(EXCERPTED RECORDS):
########

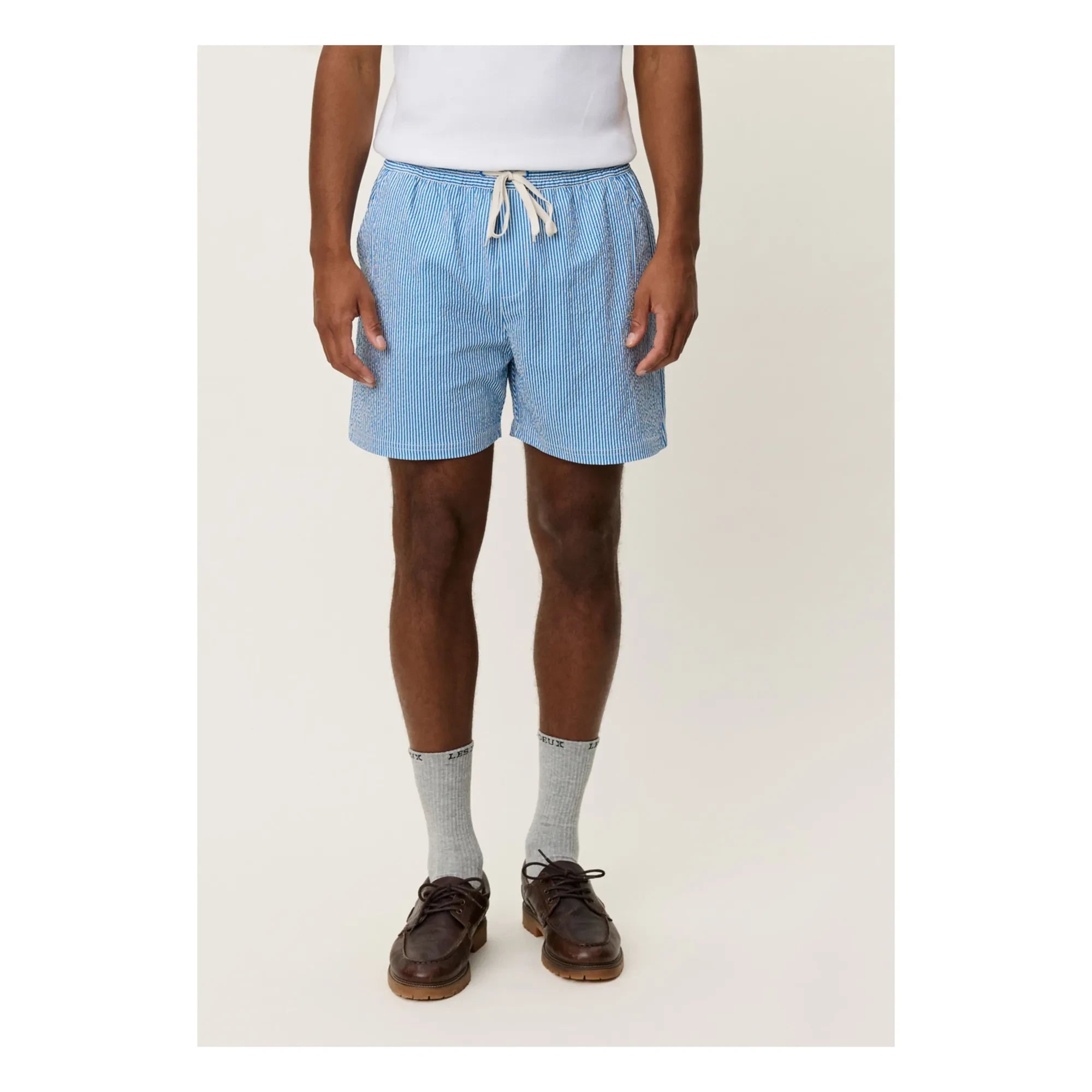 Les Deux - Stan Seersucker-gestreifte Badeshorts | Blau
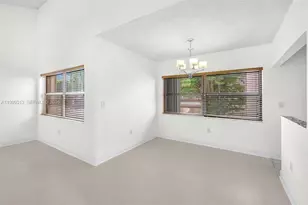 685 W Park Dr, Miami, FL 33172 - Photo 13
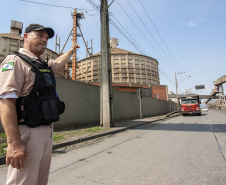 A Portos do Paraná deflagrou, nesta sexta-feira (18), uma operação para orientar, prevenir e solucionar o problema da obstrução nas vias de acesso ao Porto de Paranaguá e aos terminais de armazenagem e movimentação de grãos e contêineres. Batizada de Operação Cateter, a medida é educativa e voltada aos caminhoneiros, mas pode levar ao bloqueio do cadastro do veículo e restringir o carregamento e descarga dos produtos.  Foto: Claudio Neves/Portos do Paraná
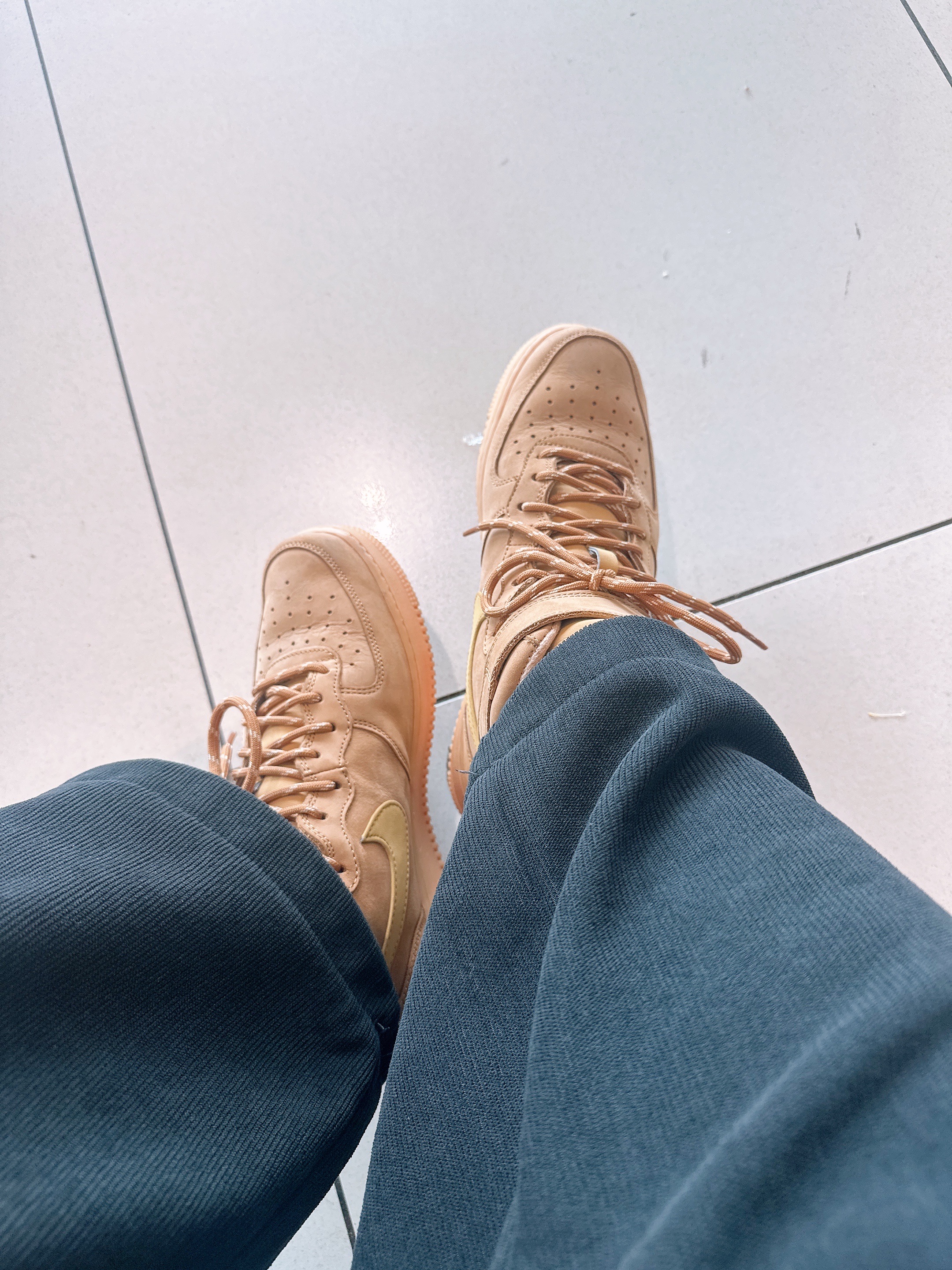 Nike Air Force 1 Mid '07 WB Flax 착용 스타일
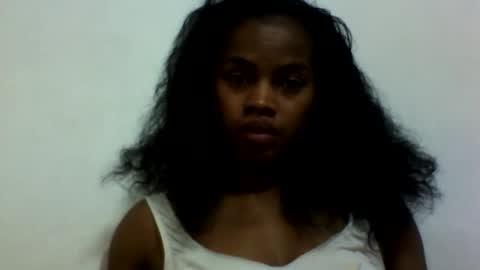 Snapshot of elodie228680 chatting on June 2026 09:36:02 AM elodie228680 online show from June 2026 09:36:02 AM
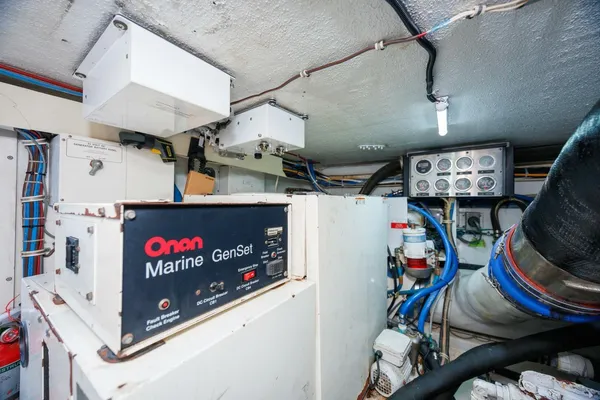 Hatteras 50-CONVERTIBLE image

########

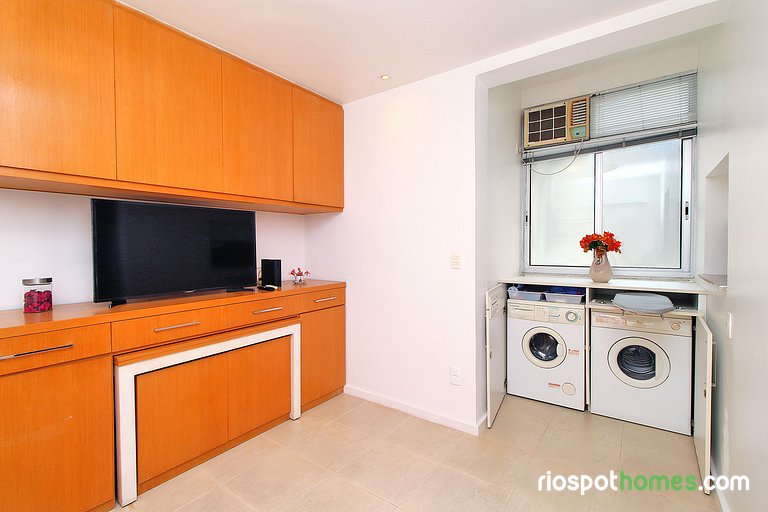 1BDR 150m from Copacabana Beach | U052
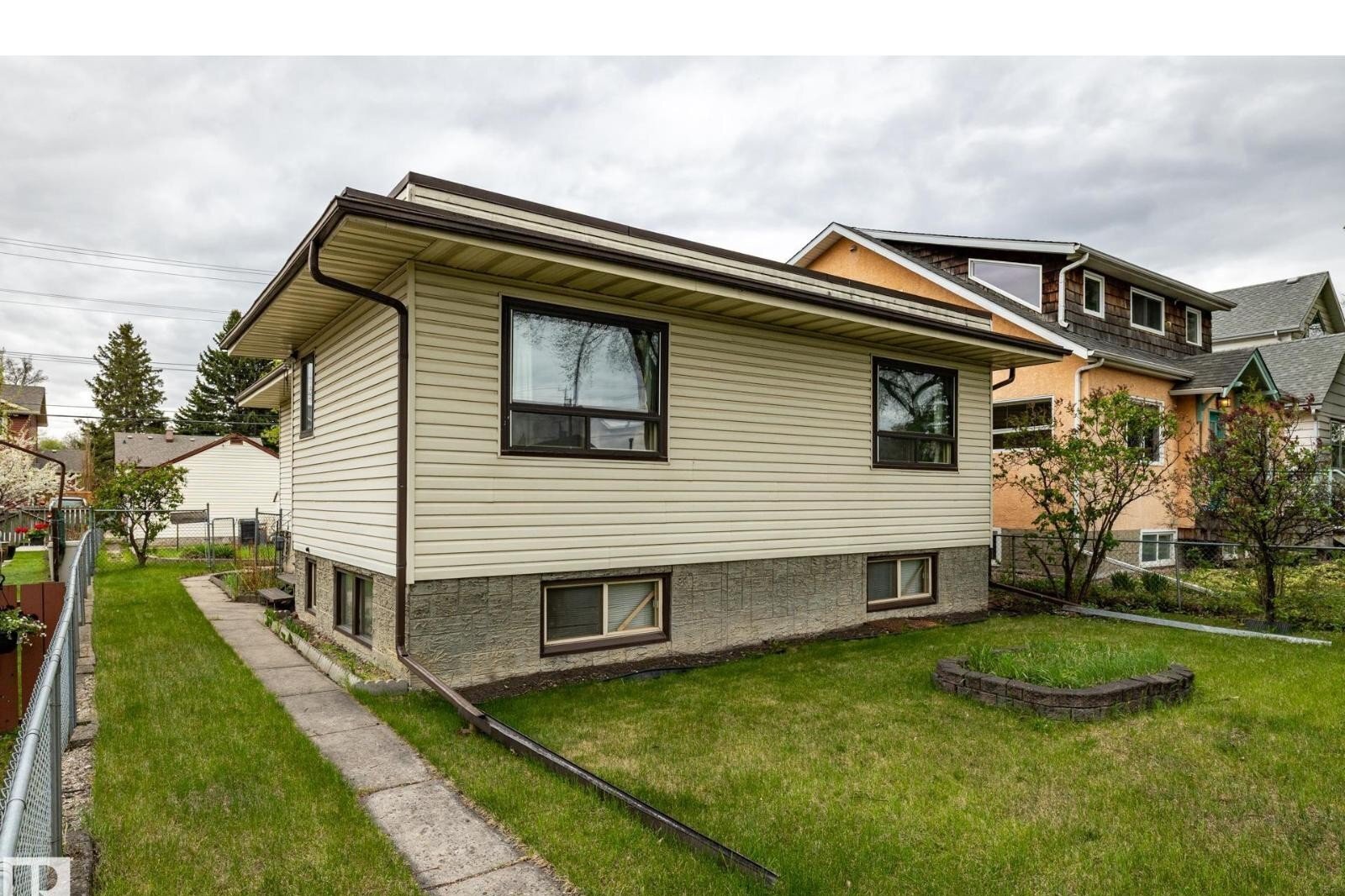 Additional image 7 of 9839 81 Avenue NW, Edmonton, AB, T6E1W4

########

(TASK STATEMENT):
Everything between and including the line above containing "Les Deux - Stan" and the line containing "685 W Park Dr, Miami, FL 33172 - Photo 13" should be reproduced exactly, with pictures excluded.

(SOLVED EXERCISE):
 Les Deux - Stan Seersucker-gestreifte Badeshorts | Blau
 685 W Park Dr, Miami, FL 33172 - Photo 13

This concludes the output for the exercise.